In 2019, when gold rallied amid US-China trade tensions, silver's gains were higher as it was favoured by traders for being the more lucrative safe haven asset among precious metals and also for an increase in its demand for industrial use. Silver futures on MCX had crossed Rs 51,000/kg mark in the second half of 2019.
However, in 2020, with a more uncertain economic crisis at hand due to the coronavirus pandemic, its only gold that climbed to a new high of over Rs 45,000 per grams, earlier this month and silver has been trading significantly lower.
On Tuesday, silver futures closed over 2 percent or 754 lower at Rs 35,453 per kg after having fallen to an intraday low of Rs 34,300 during the day.
What is dragging silver prices lower?
The coronavirus spread has put major manufacturing hubs around the world in a lockdown, especially in China-the world's factory, where the virus originated.
China's factory activity saw its biggest ever decline in February. According to official numbers released by the Chinese government, industrial output declined 13.5 percent in the country in the January-February period from a year ago, compared with December's 6.9 percent increase.
A major concern for investors of silver is that 60 percent of the metal's total demand comes from industrial fabrication. It is used to solder and braze alloys, batteries, dentistry, glass coatings, LED chips, medicine, nuclear reactors, photography, photovoltaic (or solar) energy, RFID chips, semiconductors, touch screens, water purification, wood preservatives, etc. It is a good thermal and electrical conductor, making it ideal for electrical applications.
The metal is of value to the largest manufacturing product makers (in terms of revenue) in the world- Samsung, Apple, Toyota and Volkswagen, the makers of cars and gadgets. These companies have either taken their work offline or are affected by the disruption in their supply chain due to government-imposed shutdowns in China.
Last year, an increase in demand for climatic change conscious products like electric vehicles and solar panels had raised the value of silver and palladium. Palladium is used in catalytic converters of cars that remove hydrocarbons, carbon monoxide, and other harmful gases from exhaust emission. Silver is needed in the manufacturing of self-drive vehicles and production of solar power.
In the current economic and social environment, it is most unlikely that consumers would think about making big-budget purchases like a car or a gadget. This will potentially impact the demand and quarterly profits of these companies.

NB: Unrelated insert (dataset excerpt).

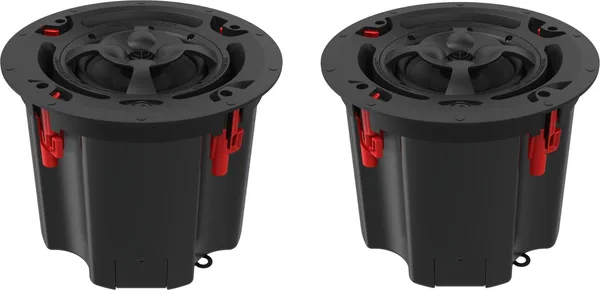 Enceinte encastrable PRO Klipsch PIC-650-T BW (Paire)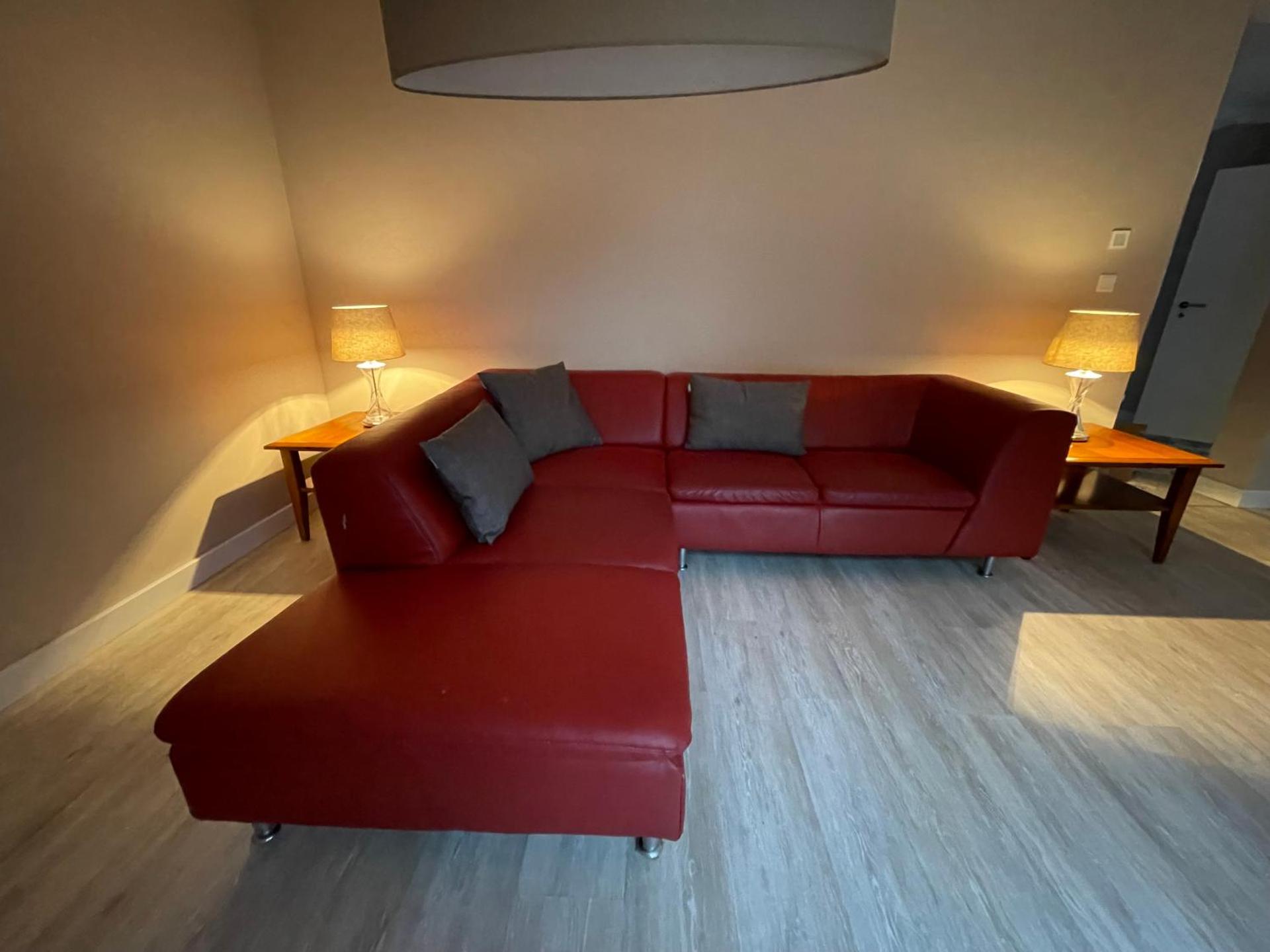 Appartement mit 2 Schlafzimmern und Terrasse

Another major impact of the pandemic is the selling spree seen across markets. To recover from the drastic losses in the equity and oil markets, traders are selling gold and silver.
Concerns of an economic slowdown due to the pandemic has caused investors to prefer holding on to cash rather than assets until there are clear signs of recovery.
Coronavirus infections cases are rising by the day, even in China, where new cases, although small in number, are still being reported every day.
The working class are worried that they could lose their jobs if the global economy entered a recession.
However, on Wednesday, Silver futures opened higher after major central banks like the US Fed and the Bank of England announced liquidity boosting measures to support its residents facing cash crunch. It was trading over 1.34 percent at Rs 35,928 per kg.
These announcements have caused international prices to recover, which also impacts domestic price of the metal.
In China, consumers have started gingerly venturing into malls and restaurants, encouraged by the sharp drop in new virus infection cases in the country. Some manufacturing units in the country have reopened, but things are far from attaining regular normal production levels.
Only the coming weeks will tell if the coronavirus crisis has been contained across the globe and when factories will operate in full swing.